Here are a couple of scripts which uses a brute-force algorithm to find self-documenting panagrams. Perhaps the best way of explaining what a 'self-documenting panagram' is, is to just show a couple:

Darren's python panagram program found this sentence which contains exactly nine 'a's, one 'b', five 'c's, four 'd's, thirty-six 'e's, eleven 'f's, three 'g's, ten 'h's, fifteen 'i's, one 'j', one 'k', three 'l's, three 'm's, twenty-nine 'n's, sixteen 'o's, four 'p's, one 'q', fifteen 'r's, thirty-one 's's, twenty-one 't's, six 'u's, four 'v's, four 'w's, six 'x's, seven 'y's, and one 'z'.

and...

Darren's ruby panagram program found this sentence which contains exactly nine 'a's, two 'b's, five 'c's, four 'd's, thirty-five 'e's, nine 'f's, three 'g's, nine 'h's, sixteen 'i's, one 'j', one 'k', two 'l's, three 'm's, twenty-seven 'n's, fourteen 'o's, three 'p's, one 'q', fifteen 'r's, thirty-four 's's, twenty-two 't's, six 'u's, six 'v's, seven 'w's, six 'x's, seven 'y's, and one 'z'.
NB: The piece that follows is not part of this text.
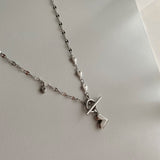 トグルバーハート2ウェイネックレス/ssgh toggle bar heart two-way necklace
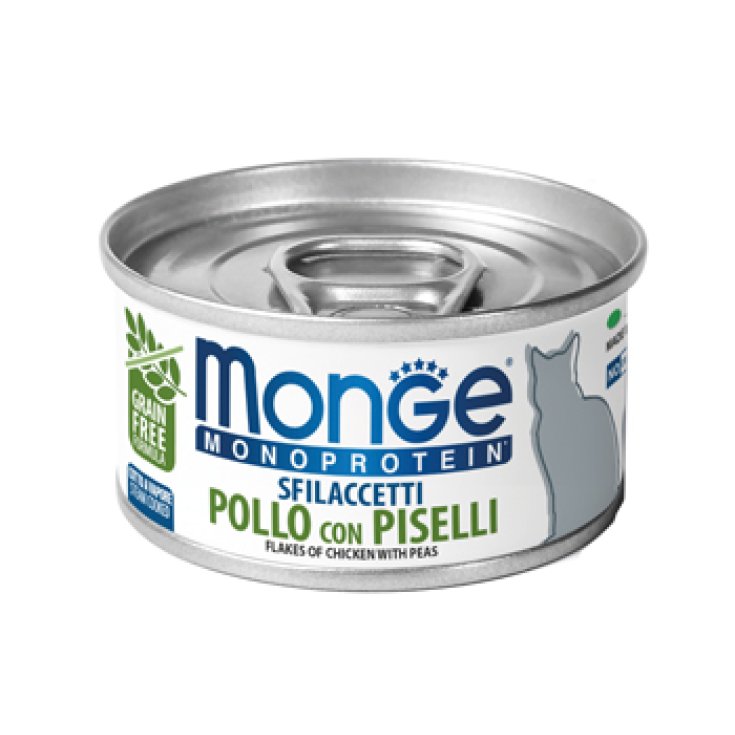 Monoproteico Sfilaccetti Pollo con Piselli - 80GR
You can count the letters if you want. The sentences are true. I first became interested in panagrams after stumbling across this file by Tanaka Tomoyuki located with other papers in the alt.fan.hofstadter and "GEB" FAQ. Mr Tomoyuki includes a script in Perl (and an unfinished one in C) which finds panagrams. These scripts are my transcription of his Perl script to Python and Ruby.

The scripts work by 'fixing' the letter count with a random number, essentially 'guessing' what the letter count may be. The sentence is built accordingly, then checked to see if it is true. If it's false, the letter count is fixed again and the loop continues...

This could go on forever, always starting from dumb random numbers for each letter, so it's lucky we can use an algorithm called 'Randomized Robisonizing' to help make more intelligent guesses. If the fixed count is equal to the real count, we use the same guess, otherwise we use a random number between our last guess and the real count. To be sure, the scripts do still need some luck, as they can find a solution in minutes or else run for days with no joy even with the same seed. The Ruby version tends to be much more prolific than the Python version. I am not sure why, I guess Ruby is just luckier. In fact the Ruby version gave me two different solutions for the same seed:

Only a fool would check that this sentence contains exactly six 'a's, one 'b', six 'c's, three 'd's, thirty-four 'e's, five 'f's, two 'g's, ten 'h's, thirteen 'i's, one 'j', two 'k's, five 'l's, one 'm', twenty-two 'n's, seventeen 'o's, one 'p', one 'q', seven 'r's, thirty-two 's's, twenty-six 't's, three 'u's, seven 'v's, eight 'w's, six 'x's, seven 'y's, and one 'z'.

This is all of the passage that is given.